Ellie sank back onto the sofa and locked eyes with her little sister Joanna who was smirking. Ellie glared at her.
"You just, completely lost it! You just bluerrrrggheeed all over the place!" Joanna exclaimed, motioning wildly as she paced the floor. Servants dressed their beds and placed their clothes in chests and wardrobes, smiling as she spoke. Ellie sighed and rolled her eyes.

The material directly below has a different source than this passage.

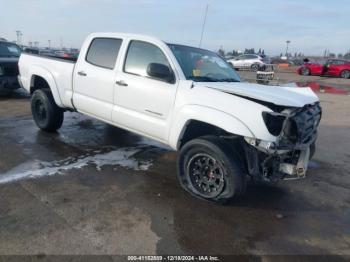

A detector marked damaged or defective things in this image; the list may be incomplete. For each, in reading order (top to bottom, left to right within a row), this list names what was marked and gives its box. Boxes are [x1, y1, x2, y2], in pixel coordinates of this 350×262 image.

dented hood [196, 81, 318, 107]
broken headlight [262, 111, 288, 136]
damaged front end [245, 102, 322, 182]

"Enough, Joanna!" She shouted, dropping on top of the bed and staring gloomily at the ceiling. All in all, she had done more embarrassing things in front of more attractive people. Not that the Commodore was not exceptionally handsome, it was only that she had been there, done that, and was used to revisiting the experience. What was really bothering her was how far she was from the green New England fields. Already, she missed the air of the grass, the smell of the livestock...the mystery of the untamed woods and the smoke rising from the tree tops in the distance...the imminent danger of the frontier...except...her family was far from being frontiersmen...now it seemed, though, that the option had been taken from her. Ripped from her hands...and worst of all, though she had denied her family's Tory allegiance long ago and swore herself to the Patriot cause - she was surrounded now by the King's loyalist settlers...completely torn from the revolutionary thoughts of her countrymen...She was almost entirely certain her father had caught on to her and that this entire move was her fault.
"Well! You should have seen yourself! 'I do pray you will forget my complete idiocy!'" She mocked, singing in a high falsetto and batting her eyelashes. Ellie rolled her eyes and tossed a pillow at her little sister.
"Get lost, would'ya?"
"Ow!" Joanna sneered. "Fine. I'll go find Henry."

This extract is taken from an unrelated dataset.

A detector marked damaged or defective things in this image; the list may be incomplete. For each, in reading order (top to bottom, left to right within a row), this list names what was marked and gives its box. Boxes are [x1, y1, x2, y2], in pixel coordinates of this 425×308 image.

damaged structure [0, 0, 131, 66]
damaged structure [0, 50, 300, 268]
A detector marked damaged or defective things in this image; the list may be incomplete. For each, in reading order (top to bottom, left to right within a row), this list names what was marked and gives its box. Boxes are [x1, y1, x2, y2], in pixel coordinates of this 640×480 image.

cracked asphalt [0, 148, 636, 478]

"And don't forget we have that ball tonight...with the whosawhatit-Swanns. With the Swann family. Do find Miss Anna and make sure she has laid out your pink dress...and wear a blue ribbon..." Elli mused over her sister's appearance. "You'll look lovely."
"Okay!" Joanna skipped out of the room to go find their nanny and left Ellie in complete silence - besides the soft movements of the servants still furnishing the room. She grabbed another pillow and pressed it to her face, groaning behind the cotton.
"Miss Ellie...if I may..." one of the younger maids sat at the foot of the bed, her voice was coated with the thick accent of England's impoverished. "Port Royal is not so completely dreary...most days it is quite lovely and exciting...you might try to like it here?" She gave an understanding smile and Ellie figured she too had been torn from her home...under more dire circumstances probably. Ellie frowned and nodded.
"Yes...I suppose I should go check on my own clothing arrangements..."
The maid smiled knowingly as she folded some of Ellie's clothes. "The Commodore likes the color green." Ellie blushed and quickly turned away from the young maid, squaring her shoulders and leaving the room.